Wagenknecht is aware that her new party will attract a lot of “extremists and cranks,” as she has herself conceded. Wagenknecht has also admitted that she lacks organizational talent. She is a speaker, a writer, and an intellectual, not an organizer. Her first aim will be to get a good result in the election for the European Parliament in June 2024. After that, she will eye the three state elections in Saxony, Thuringia, and Brandenburg.
It is likely that the Wagenknecht party will grow, then implode. Her first and inevitable casualty will be Die Linke; its time is over. After the tragedy of communist rule in Germany comes the farce of rival, successor factions fighting tooth and nail to the death.

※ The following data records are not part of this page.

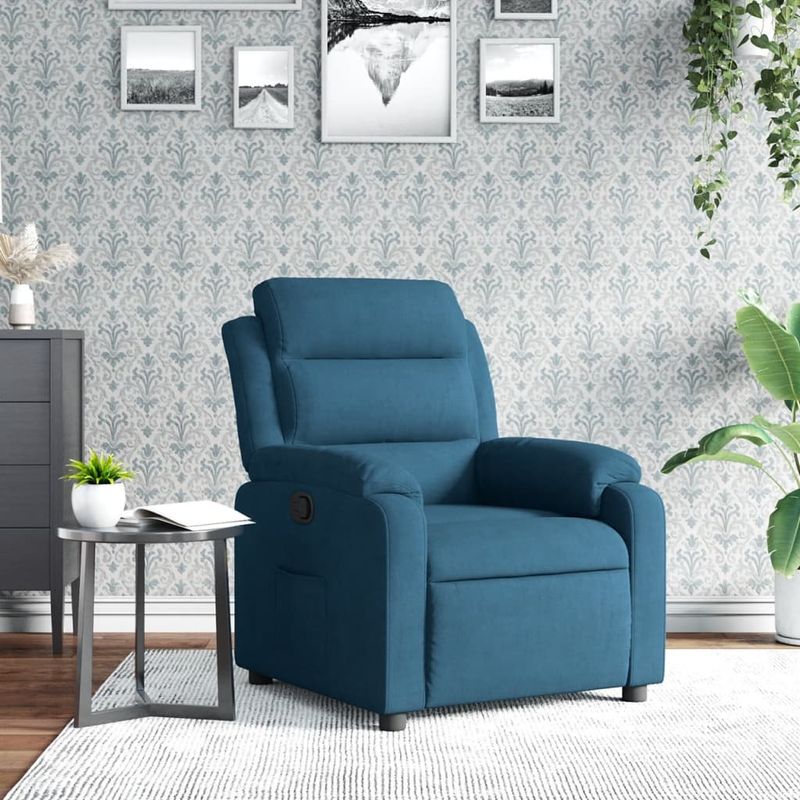 Casa si Gradina - Mobilier - Scaune si fotolii - Fotolii - Fotoliu rabatabil, albastru, catifea - Infinity.ro
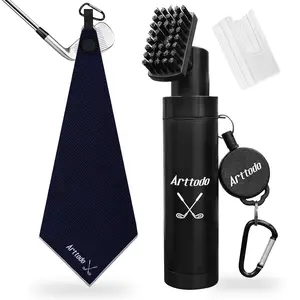 Arttodo Golf Club Cleaning Kit Including Water Bottle Spray Golf Brush & Magnetic Microfiber Towel, Golf Gift for Him, Great Golf Accessories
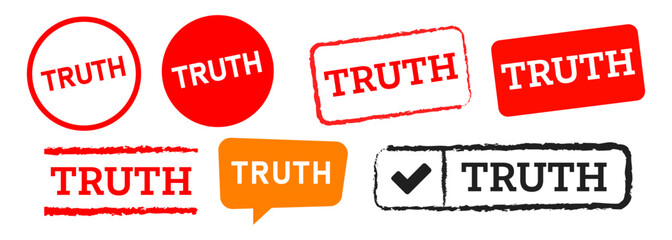truth circle rectangle stamp and speech bubble sign label sticker design element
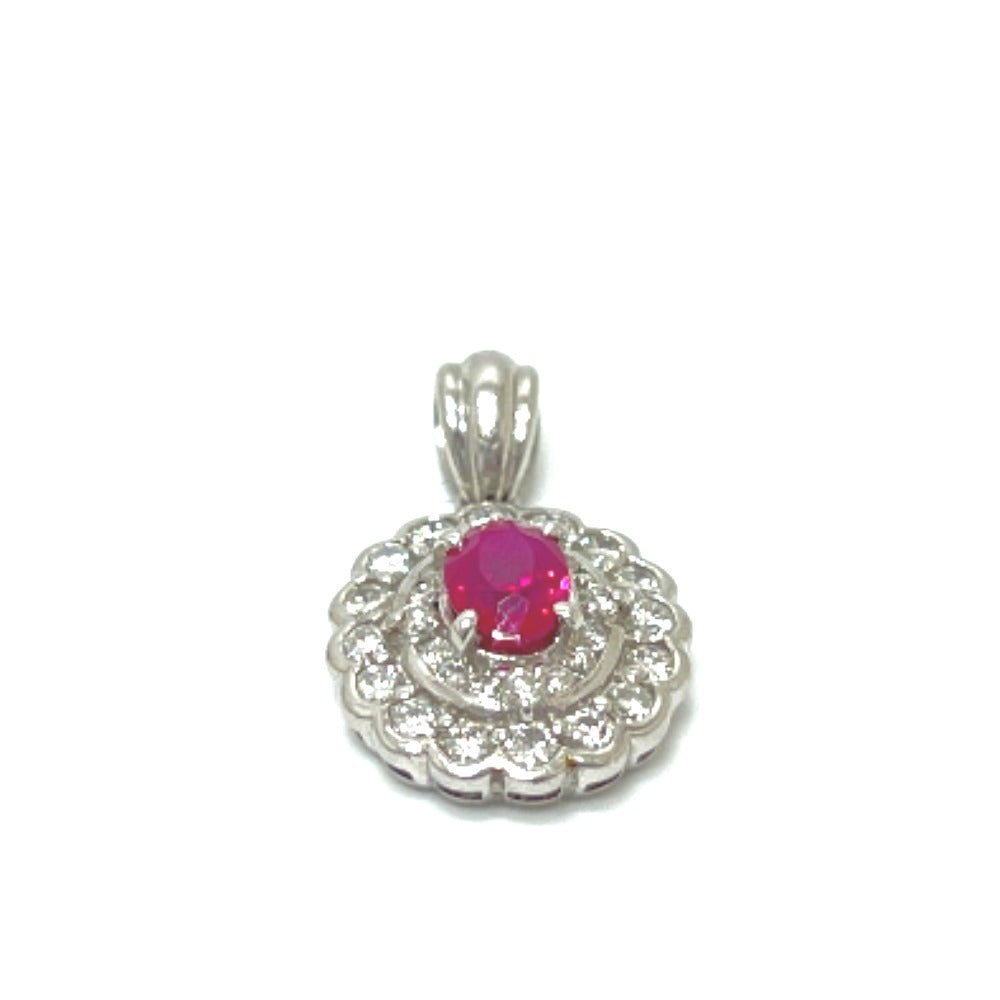 jewelry Pt900　D0.062ct R0.97ct ルビー ダイヤ ペンダントトップ Pt900 レディース シルバー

Even with the prospective death of the party of The Left in Germany, the Left in general remains very much alive. The governing Green Party and the SPD are rife with left-wingers, woke progressives, and ideologues. Self-declared left liberals hold intellectual dominance over the universities and the media. However, this hegemony is being challenged by a populist uprising in the form of the AfD. Some on the Left hope that Wagenknecht’s party substantially cuts AfD’s voter share, while others are more wary. A commentator in Süddeutsche Zeitung recently cautioned that it might be “the deception of the year” to expect that the launch of Wagenknecht’s party will do much harm to AfD, and a comment in Die Zeit warned that Germany’s democracy would become more polarized and unstable.
Most likely, Wagenknecht’s new party will be a brief episode while the real fight for the future course of Germany is fought on the Right.
In an earlier version of the text, Egon Krenz was incorrectly mentioned as a member of the Left. In fact, he was excluded from the party in 1990.